Give again, word for word, the lines below that run from the line with "M&S - 3-6 months" through the line with "a bustling metal". Drop the pictures.

(EXERCISE INPUTS)
▬▬▬

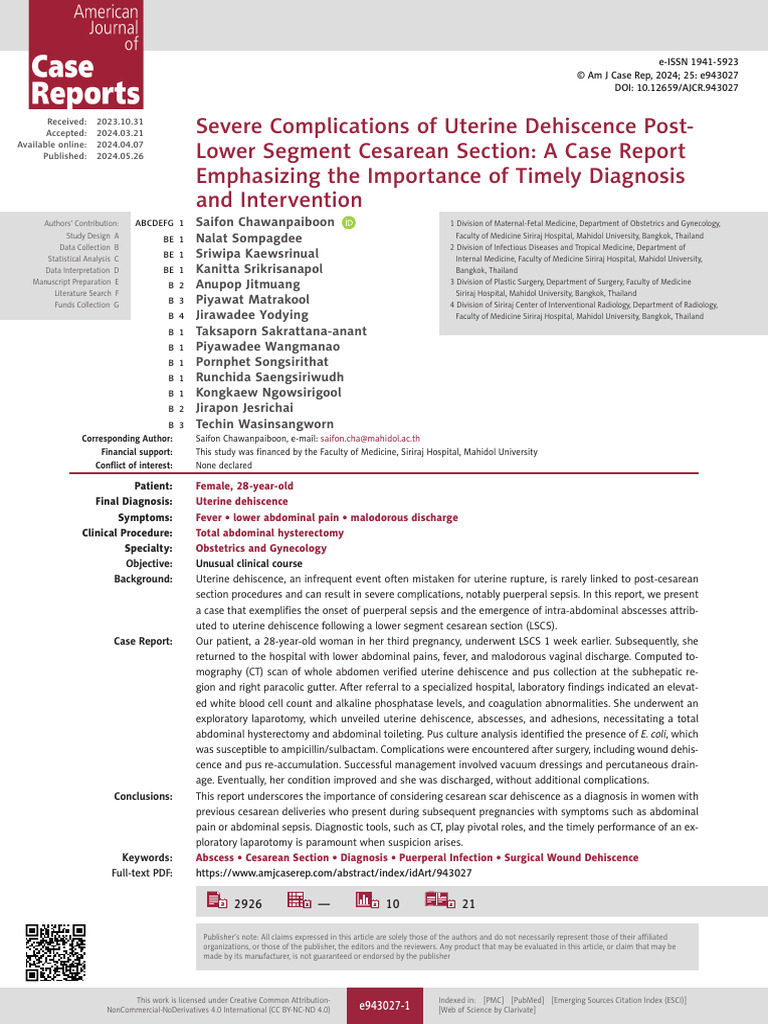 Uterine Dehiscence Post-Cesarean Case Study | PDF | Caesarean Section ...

▬▬▬

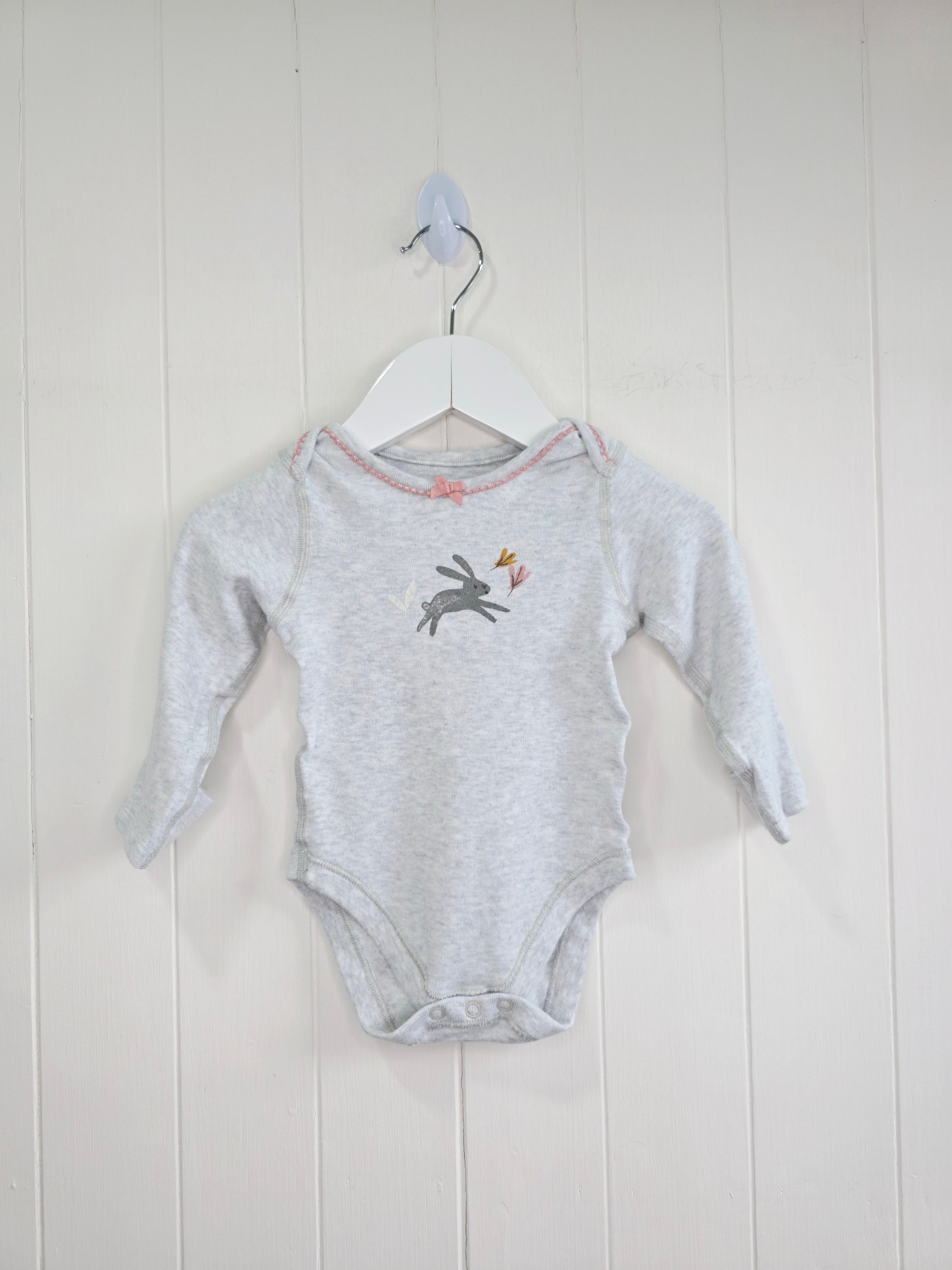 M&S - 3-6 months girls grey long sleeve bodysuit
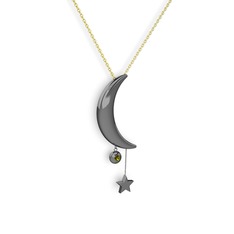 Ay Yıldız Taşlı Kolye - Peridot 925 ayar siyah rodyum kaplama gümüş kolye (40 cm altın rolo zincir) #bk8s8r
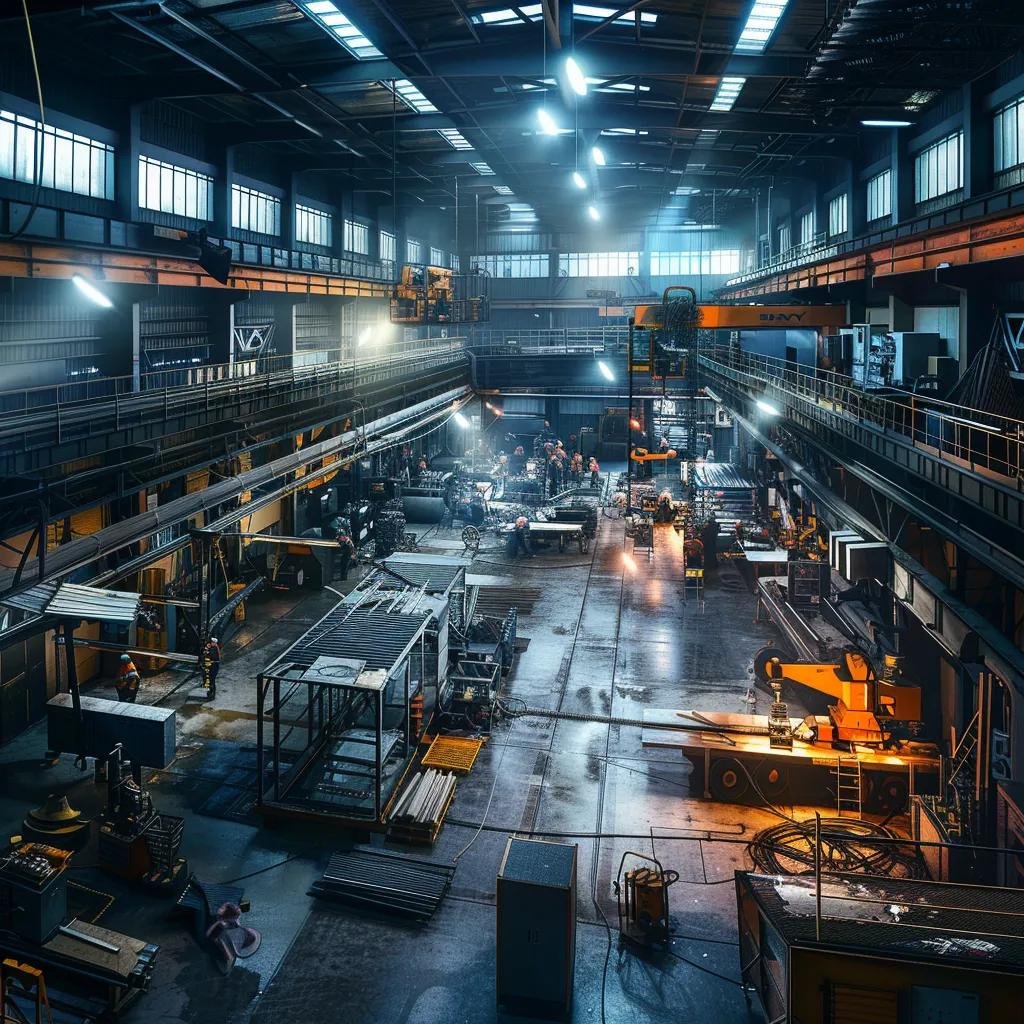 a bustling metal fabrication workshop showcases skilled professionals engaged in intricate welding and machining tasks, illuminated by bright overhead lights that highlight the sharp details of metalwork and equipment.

▬▬▬

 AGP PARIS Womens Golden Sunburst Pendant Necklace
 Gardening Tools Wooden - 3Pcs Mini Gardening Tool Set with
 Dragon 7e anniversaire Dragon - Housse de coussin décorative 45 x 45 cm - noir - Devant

▬▬▬

(REPLY)
 M&S - 3-6 months girls grey long sleeve bodysuit
 Ay Yıldız Taşlı Kolye - Peridot 925 ayar siyah rodyum kaplama gümüş kolye (40 cm altın rolo zincir) #bk8s8r
 a bustling metal fabrication workshop showcases skilled professionals engaged in intricate welding and machining tasks, illuminated by bright overhead lights that highlight the sharp details of metalwork and equipment.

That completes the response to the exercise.